La FAO, un test pour la Chine
La FAO, un test pour la Chine
Editorial. Elu à à la tête de l’Organisation des Nations unies pour l’agriculture et l’alimentation, le Chinois Qu Dongyu va devoir montrer que Pékin ne cherche pas à promouvoir un multilatéralisme aux couleurs chinoises.
Qu Dongyu, à Rome, lors de son élection, le 23 juin 2019, à la tête de la FAO. / VINCENZO PINTO / AFP
Editorial du « Monde ». Le 1er août, un Chinois prendra pour la première fois la tête de la FAO, l’Organisation des Nations unies pour l’alimentation et l’agriculture. Dimanche 23 juin, Qu Dongyu, un biologiste de 55 ans, a largement remporté le vote des pays membres qui l’opposait à Catherine Geslain-Lanéelle, la candidate française soutenue par l’Europe, ainsi qu’à Davit Kirvalidze, un Géorgien soutenu par Washington.

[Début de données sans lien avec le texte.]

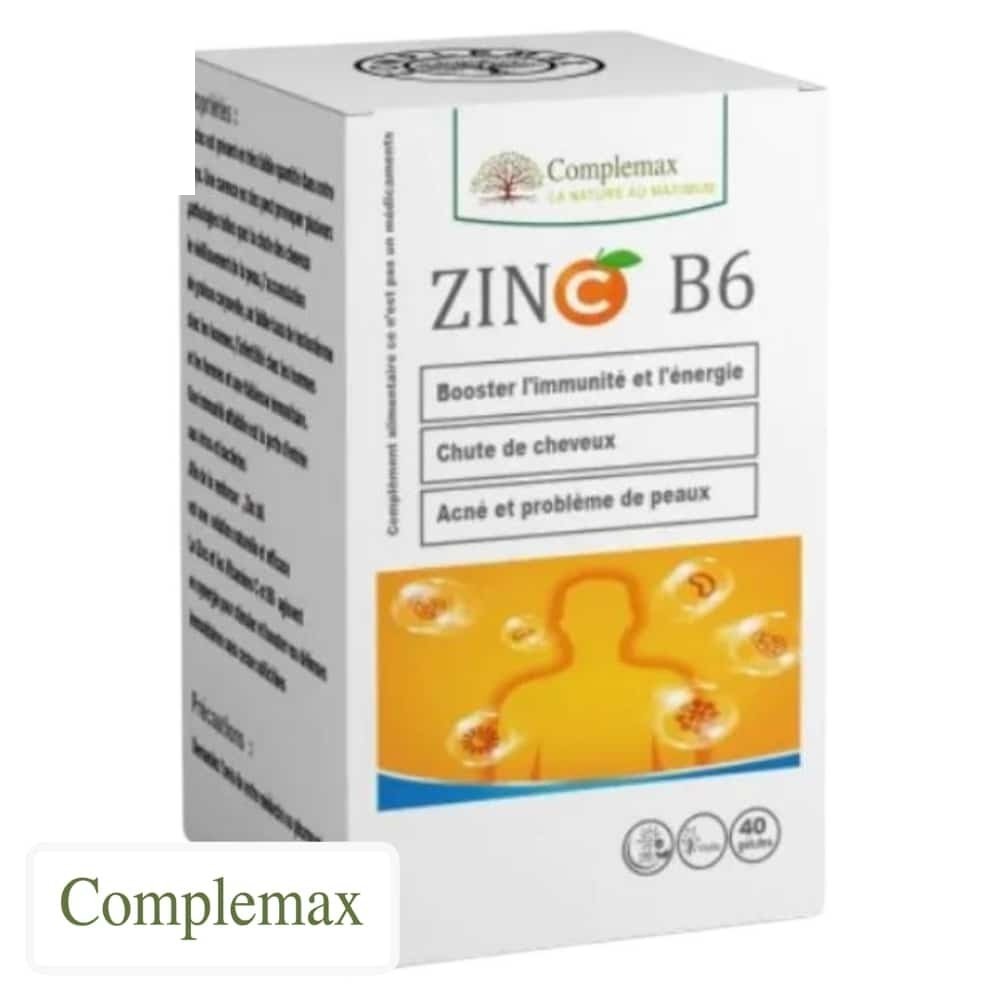 complemax – zinc, vitmine c et b6 – 40 gelules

Qu Dongyu succédera à un Brésilien, José Graziano da Silva.
Acquise au terme d’une campagne entachée par des rumeurs selon lesquelles certains pays membres de la FAO auraient vu leurs arriérés de paiement au budget ou des dettes disparaître juste avant le scrutin, la victoire du candidat chinois s’inscrit néanmoins dans une certaine logique.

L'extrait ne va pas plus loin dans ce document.